If there’s been a sub-theme to recent activity in the reference data marketplace, it’s sure been bond evaluations. Readers of Reference Data Review have witnessed the flurry of product offerings, positioning and poachings among the major suppliers, with Reuters, Bloomberg, Standard & Poor’s and Thomson Financial all attempting to enter a marketplace long dominated by Interactive Data’s FT Interactive Data unit.
And now, the question of pricing illiquid securities has become a major factor in the to’ing and fro’ing between regulators and financial services firms as the wrestle over specific provisions of the EU’s Markets in Financial Instruments Directive (MiFID). This month saw the first major skirmish between the two sides, as it appeared that the industry finally woke up to the fact that MiFID will indeed impact their businesses.
Our sister publication – MiFID Monitor – has tracked the whole saga over the past few months. Things kicked off in May, with the release of the U.K. Financial Services Authority’s discussion paper around best execution, a key MiFID requirement. In the paper, the FSA proposed the use of benchmark pricing to underpin fair valuations for securities that are not actively traded and therefore for which price discovery can be difficult and opaque. The FSA’s proposals were supported by analysis from consultants IBM, which had been tasked with investigating the feasibility of adopting such a scheme.
At the time, MiFID Monitor suggested that proposal on the use of benchmark pricing – which would require trading firms to publish their pricing methodologies to the marketplace – would be unpalatable to financial institutions wary of displaying their proprietary pricing models before the prying eyes of their rival and, yes, their customers.
Sure enough, the industry has come back with an attack on the FSA proposal and on the IBM analysis, which perhaps foolhardily omitted to solicit input on benchmarking from real-life industry participants. Four trade groups – the London Investment Banking Association (Liba) and, acting in tandem, the International Capital Markets Association, the International Swaps and Derivatives Association and the Bond Market Association – have issued comment papers on the proposal that assert that it’s impractical and possibly damaging to the marketplace.

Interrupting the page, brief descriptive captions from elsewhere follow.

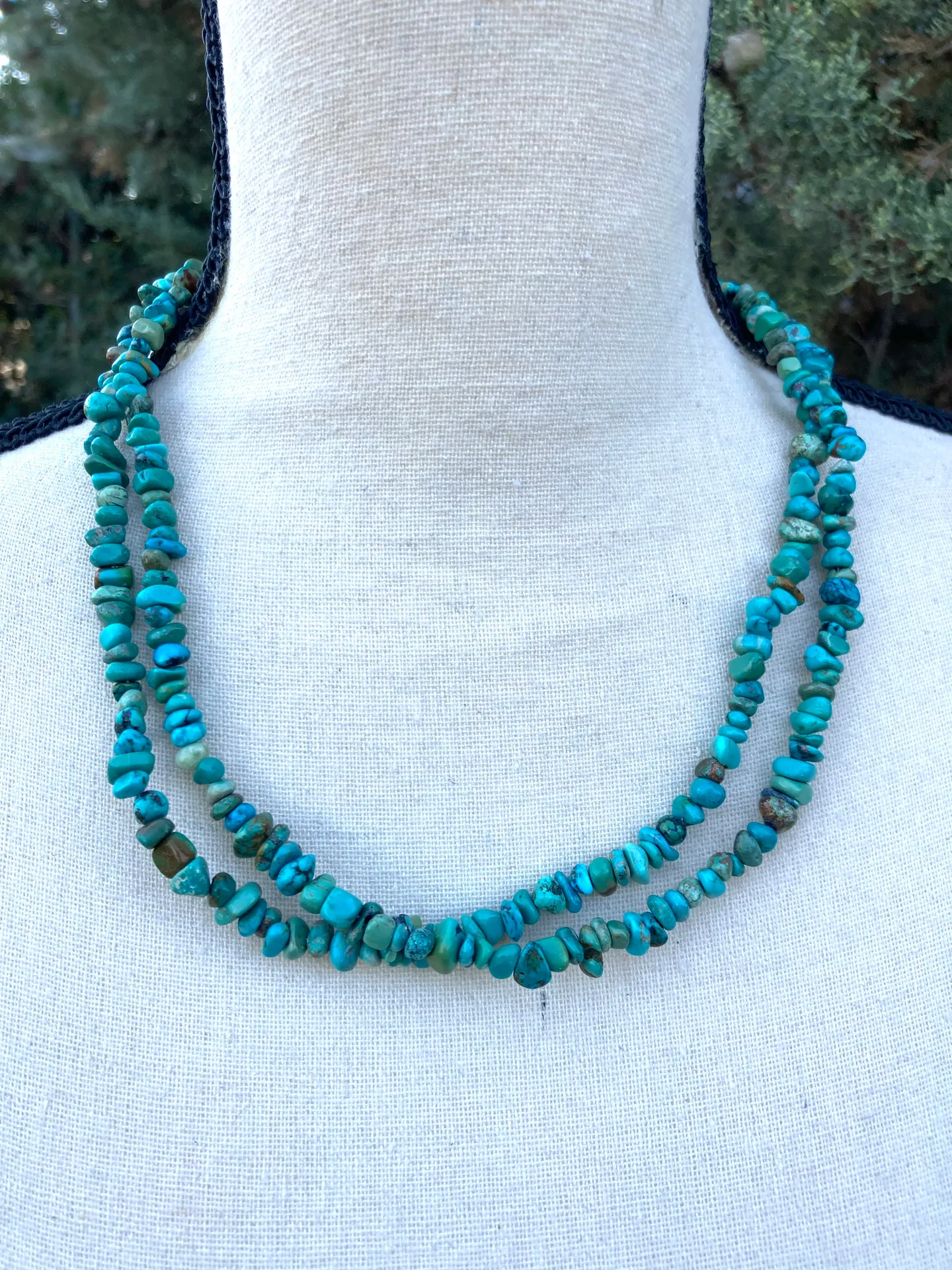 Turquoise Nugget Double Strand Necklace Silver Southwest 17-21” - Image 5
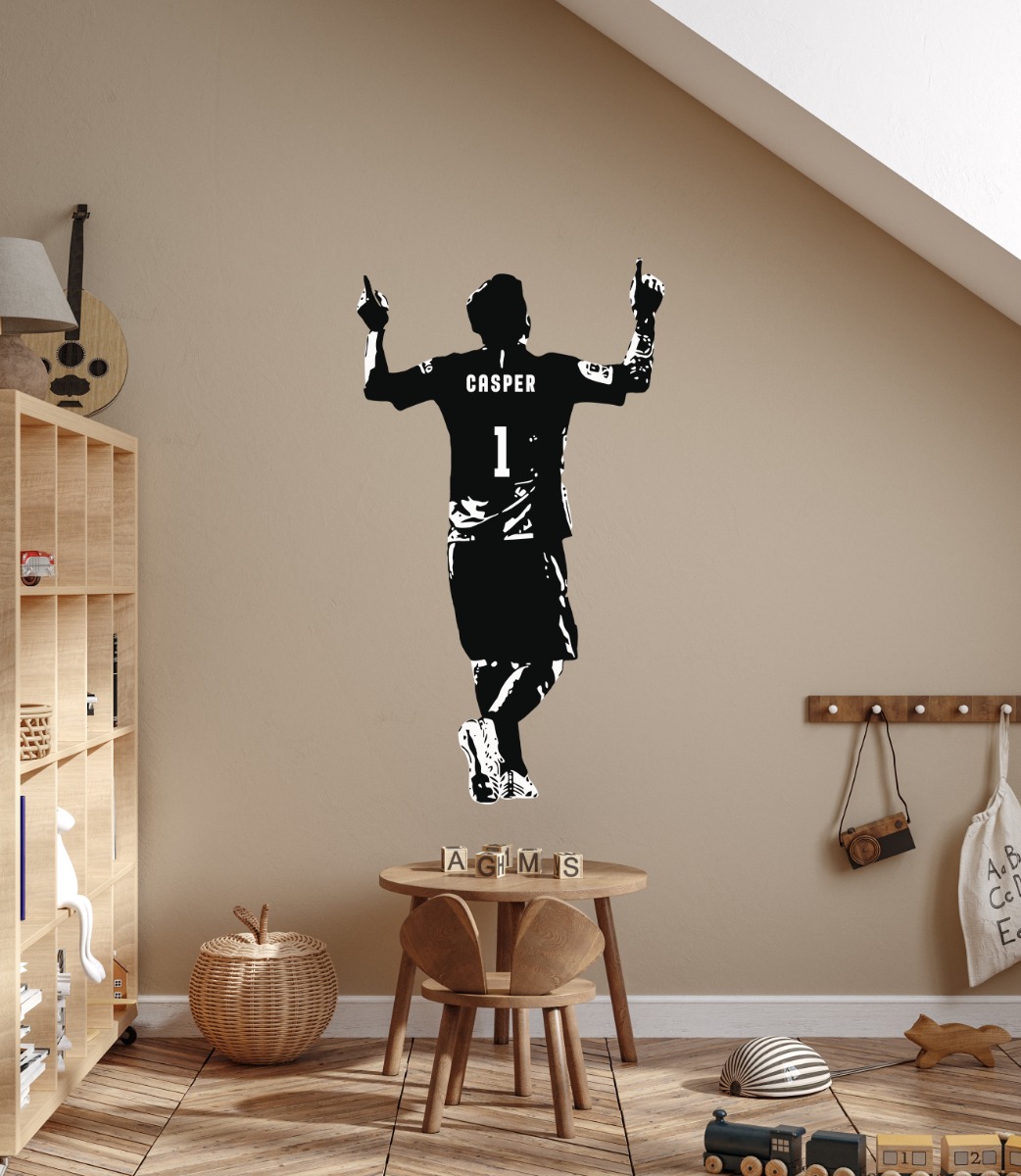 Wallsticker -  Football Player  / Name and Number / Personalised / White Contour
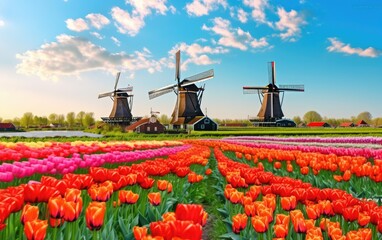 Landscape with tulips, traditional dutch windmills in Netherlands, Europe, Generative AI.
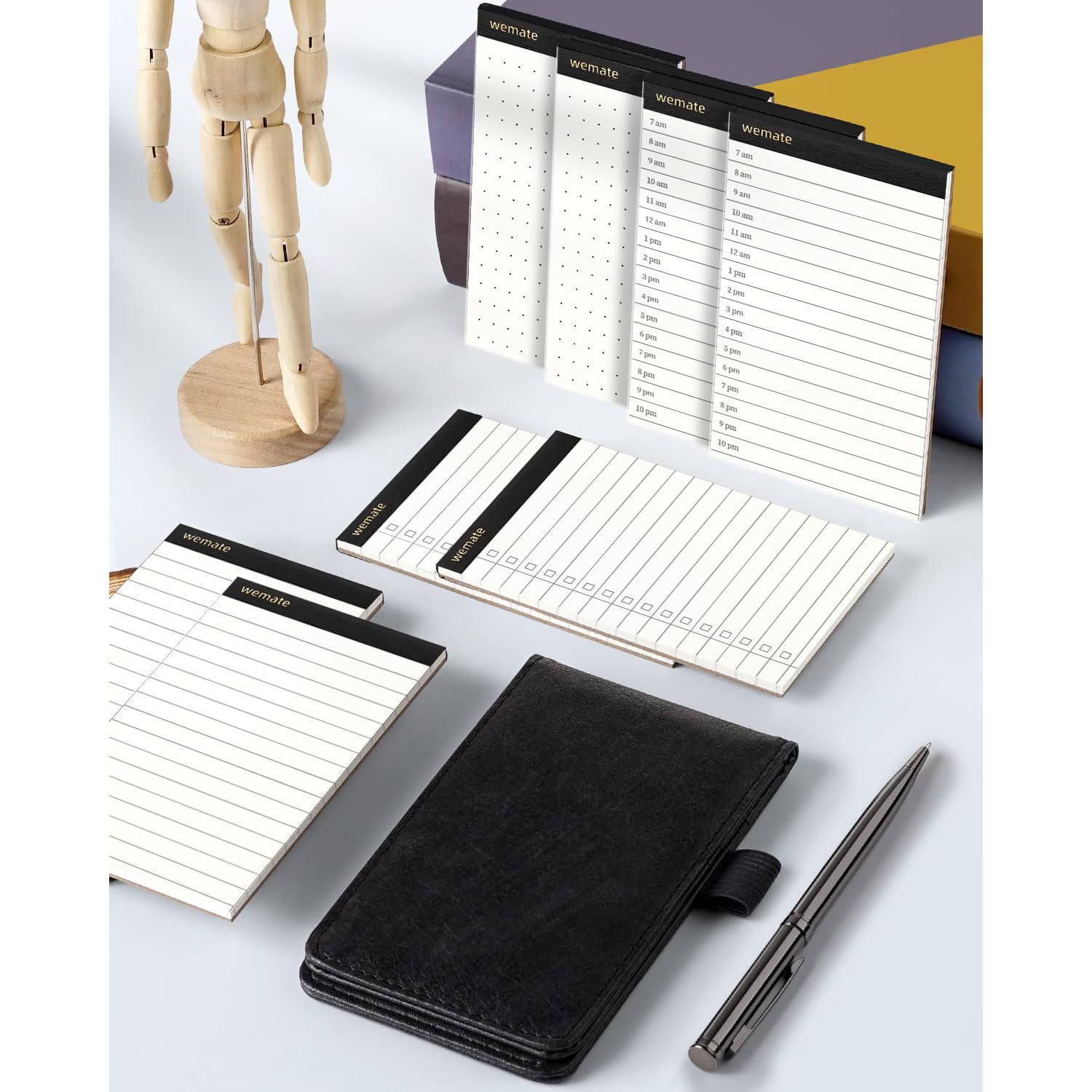 WEMATE 10 Pieces Notepad Holder Set Pocket Notebook - Included Mini Pocket Notepad Holder Set with 8 Memo Book Refills and Metal Pen for Meetings, Daily Records, and Notes 3 X 5 Inch (Brown) image number 4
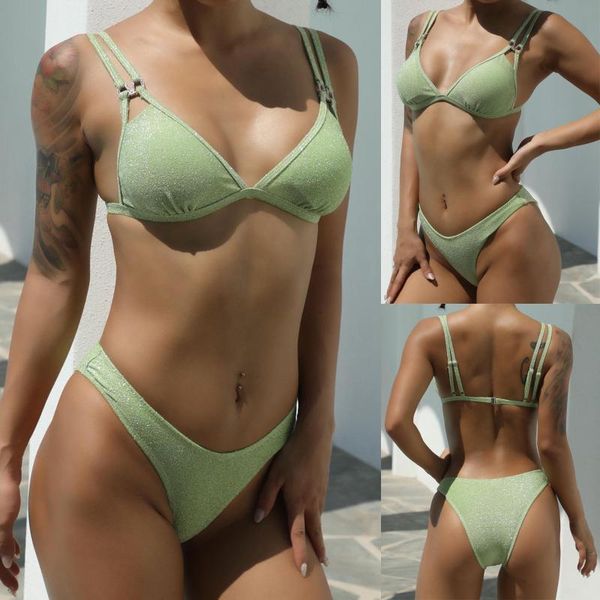 women's swimsuits beach wear solid color bikini two pieces clothing 2021 high waist swimwear set summer s, White;black
women's swimsuits beach wear solid color bikini two pieces clothing 2021 high waist swimwear set summer s, White;black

Full details of the spat are available in this month’s edition of MiFID Monitor, downloadable from our web-site at www.mifidmonitor.com. For us, though, the skirmish underscores the difficulty in obtaining sensible, fair and consistent valuations for illiquid securities. Expect to see more product offerings from the big vendors in this space, possibly involving teaming up with specialist players in order to satisfy the need of very narrow vertical segments of the OTC marketplace. IDC has already teamed with Markit Group. Others will doubtless follow suit with alternative speciality providers as they seek to carve out niches across the spectrum of illiquid instruments.